My guess is that they know they are not competitors so they make it cheaper or free to hinder the surge of a super competitor.

pixl97|3 days ago

I mean, if you have a bunch of guns, it's not really helpful for humanity to dump them on the street, but it does bring up the question of what you're doing building guns in the first place.

oatmeal1|3 days ago

90% of the people cancer kills are over 50. Old people who start believing everything they see on Facebook, but continue voting, with even greater confidence in their opinions. Old people who voted in Trump.
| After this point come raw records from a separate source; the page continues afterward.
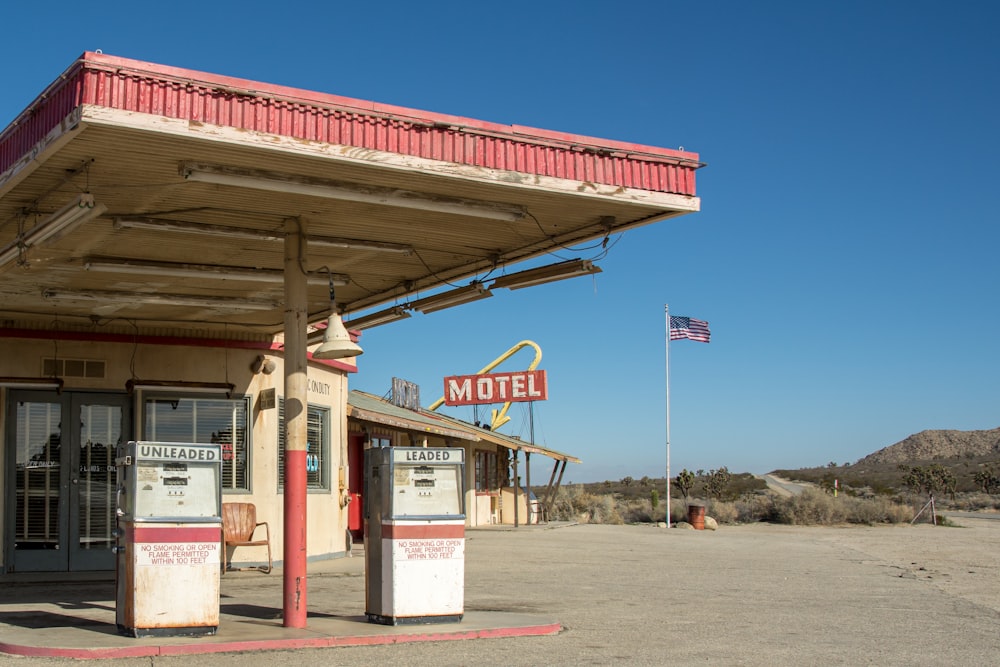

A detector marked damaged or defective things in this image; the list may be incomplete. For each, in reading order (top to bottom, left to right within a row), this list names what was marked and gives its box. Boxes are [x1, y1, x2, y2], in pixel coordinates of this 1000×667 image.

rusty barrel [684, 506, 708, 532]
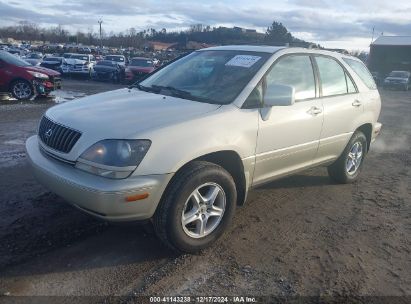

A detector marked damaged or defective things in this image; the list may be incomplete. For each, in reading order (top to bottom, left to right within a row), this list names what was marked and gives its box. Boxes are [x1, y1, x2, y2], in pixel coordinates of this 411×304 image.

damaged vehicle [0, 50, 61, 100]
damaged vehicle [61, 53, 96, 78]
damaged vehicle [93, 60, 124, 83]
damaged vehicle [124, 56, 155, 82]
damaged vehicle [25, 46, 384, 253]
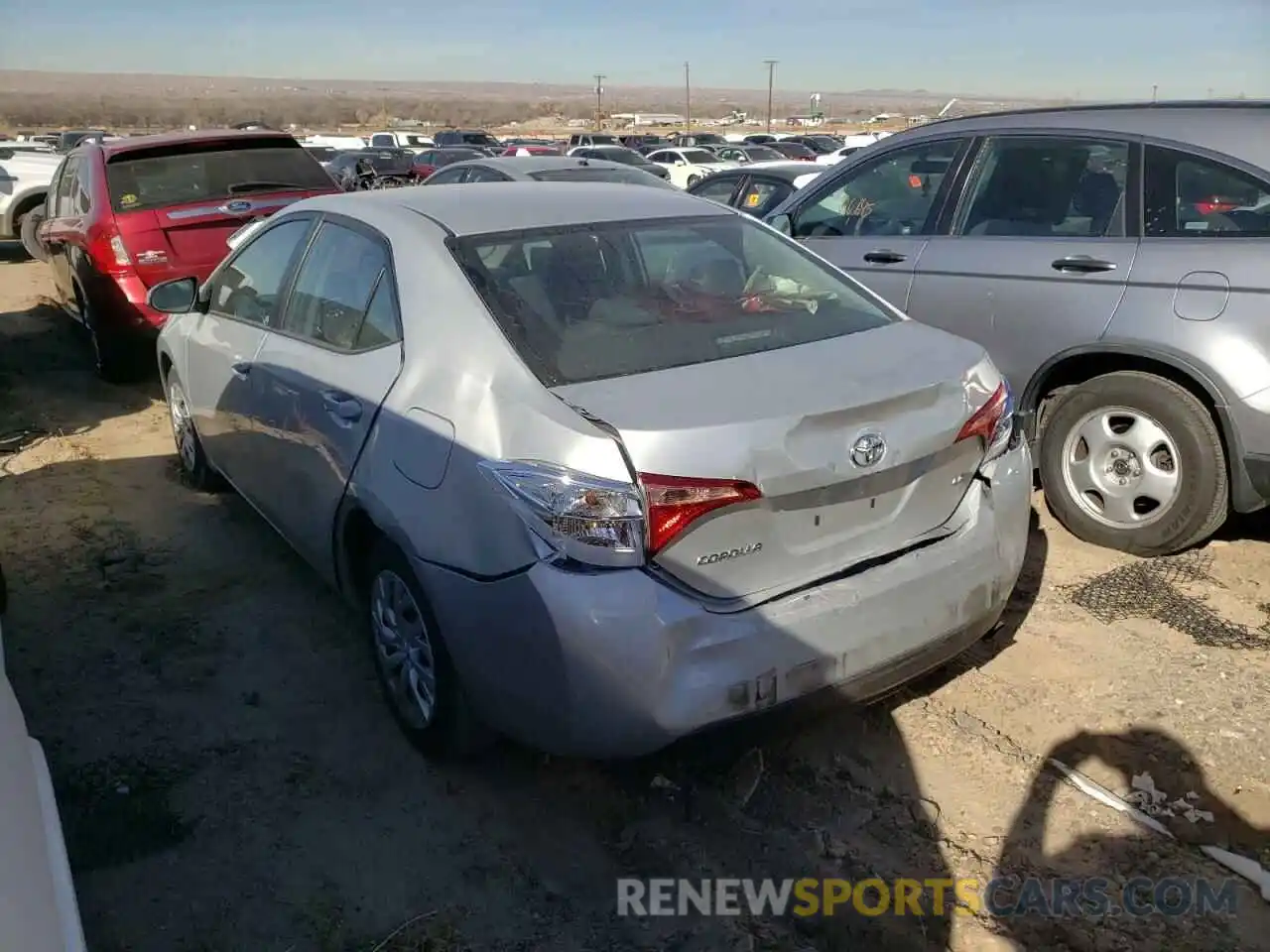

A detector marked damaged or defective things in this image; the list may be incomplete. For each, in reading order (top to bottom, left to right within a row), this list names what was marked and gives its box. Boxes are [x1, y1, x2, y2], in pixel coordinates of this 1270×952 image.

wrecked sedan [149, 180, 1032, 758]
rear bumper damage [421, 434, 1040, 754]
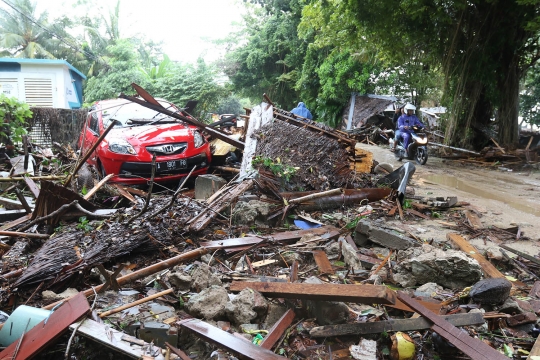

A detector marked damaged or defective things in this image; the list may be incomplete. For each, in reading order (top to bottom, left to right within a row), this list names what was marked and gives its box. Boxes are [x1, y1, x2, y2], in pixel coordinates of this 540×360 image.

damaged red car [79, 98, 212, 186]
rusty metal sheet [200, 225, 340, 250]
rusty metal sheet [312, 250, 334, 276]
broken wooden beam [312, 250, 334, 276]
broken wooden beam [446, 232, 504, 280]
rusty metal sheet [230, 282, 394, 304]
broken wooden beam [229, 282, 396, 304]
rusty metal sheet [0, 294, 89, 358]
broken wooden beam [0, 292, 89, 360]
broken wooden beam [179, 320, 286, 358]
rusty metal sheet [179, 318, 286, 360]
broken wooden beam [260, 310, 296, 348]
rusty metal sheet [260, 308, 296, 350]
broken wooden beam [308, 312, 486, 338]
broken wooden beam [398, 292, 508, 360]
rusty metal sheet [396, 292, 510, 360]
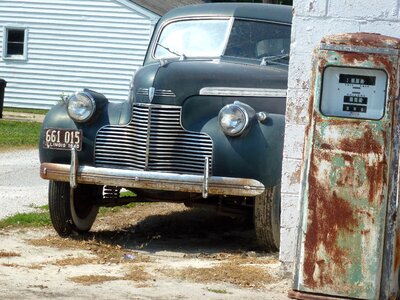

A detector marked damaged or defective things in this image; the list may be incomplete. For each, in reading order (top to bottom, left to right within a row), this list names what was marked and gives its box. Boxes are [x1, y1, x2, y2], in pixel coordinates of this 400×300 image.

rusty gas pump [290, 32, 398, 300]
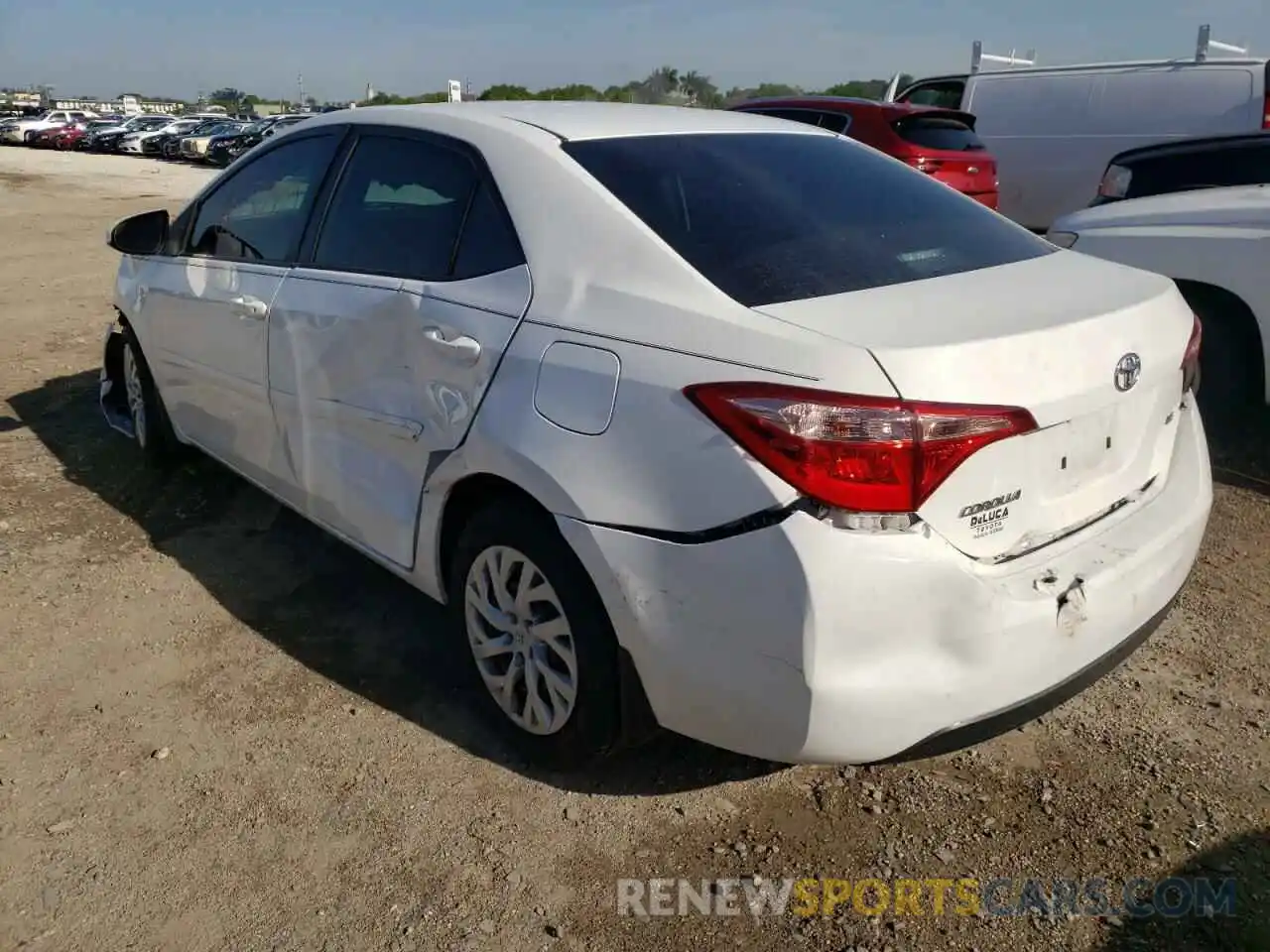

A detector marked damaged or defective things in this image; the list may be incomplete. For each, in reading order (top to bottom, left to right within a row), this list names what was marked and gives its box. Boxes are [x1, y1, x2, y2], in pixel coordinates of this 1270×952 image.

damaged rear bumper [556, 399, 1206, 762]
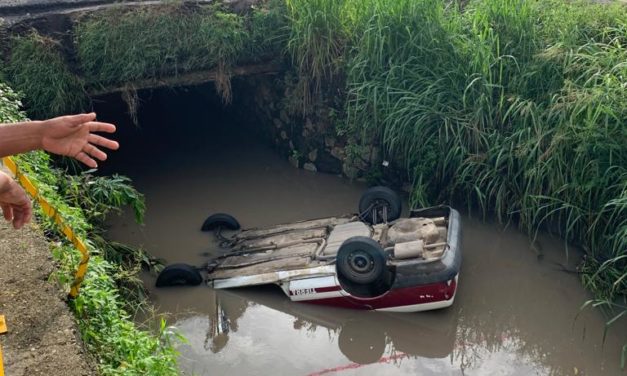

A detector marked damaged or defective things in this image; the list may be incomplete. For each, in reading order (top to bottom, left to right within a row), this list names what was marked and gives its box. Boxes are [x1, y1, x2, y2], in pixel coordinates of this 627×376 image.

overturned vehicle [157, 187, 462, 312]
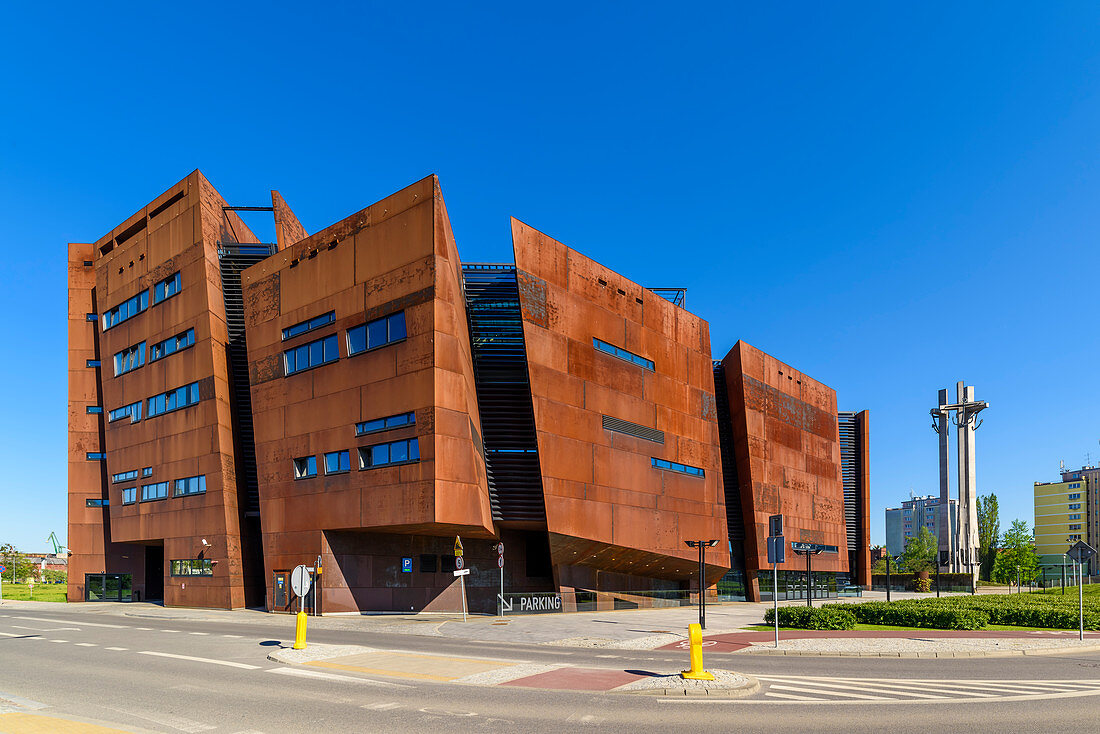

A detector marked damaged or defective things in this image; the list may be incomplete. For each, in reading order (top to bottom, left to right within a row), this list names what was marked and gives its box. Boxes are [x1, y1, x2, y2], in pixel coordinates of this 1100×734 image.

modernist rusted building [69, 171, 876, 608]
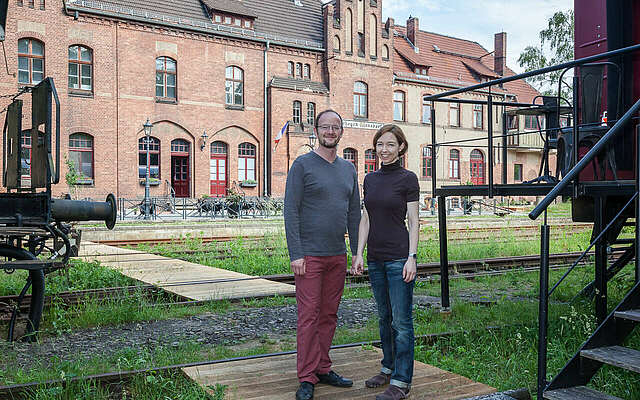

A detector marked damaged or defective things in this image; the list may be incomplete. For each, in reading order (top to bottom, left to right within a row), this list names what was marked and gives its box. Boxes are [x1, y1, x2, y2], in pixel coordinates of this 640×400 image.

rusty metal machinery [0, 78, 116, 340]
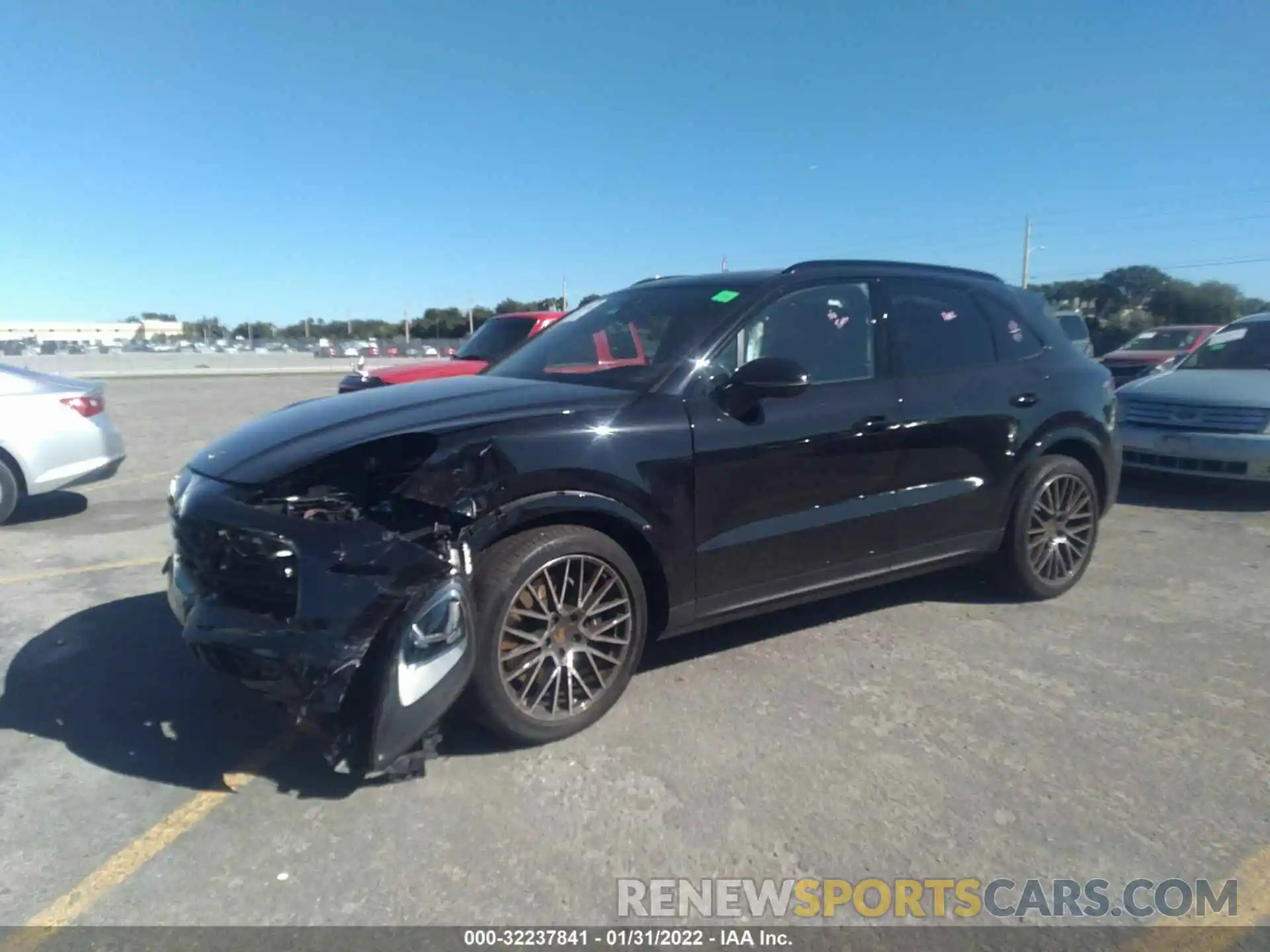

Curing cancer would be just about the worst thing AI could do.

cnd78A|3 days ago

Unless Ai could cure the Flynn effect you are talking about, it result from the cultural evolution. Natural evolution is dumb unlike the one AI could create (I bet it will either destroy us or make us smarter)

afavour|3 days ago

It's exhausting to keep with mainstream AI news because of this. I can never work out if the companies are deluded and truly believe they're about to create a singularity or just claiming they are to reassure investors/convince the public of their inevitability.

ACCount37|3 days ago

It's a fairly mainstream position among the actual AI researchers in the frontier labs.

They disagree on the timelines, the architectures, the exact steps to get there, the severity of risks. Can you get there with modified LLMs by 2030, or would you need to develop novel systems and ride all the way to 2050? Is there a 5% chance of an AI oopsie ending humankind, or a 25% chance? No agreement on that.

But a short line "AGI is possible, powerful and perilous" is something 9 out of 10 of frontier AI researchers at the frontier labs would agree upon.

At which point the question becomes: is it them who are deluded, or is it you?

grayhatter|3 days ago

> I can never work out if the companies are deluded and truly believe they're about to create a singularity or just claiming they are to reassure investors/convince the public of their inevitability.

You can never figure out if the people selling something are lying about it's capabilities, or if they've actually invented a new form of intelligence that can rival or surpass billions of years of evolution?

I'd like to introduce you to Occam Razor

api|3 days ago

The fear mongering always struck me as mostly a bid for regulatory capture and a moat, because without that the moat is small and transient.

moogly|3 days ago

"Those other companies are totally going to build the Torment Nexus, so we have no choice but to also build the Torment Nexus."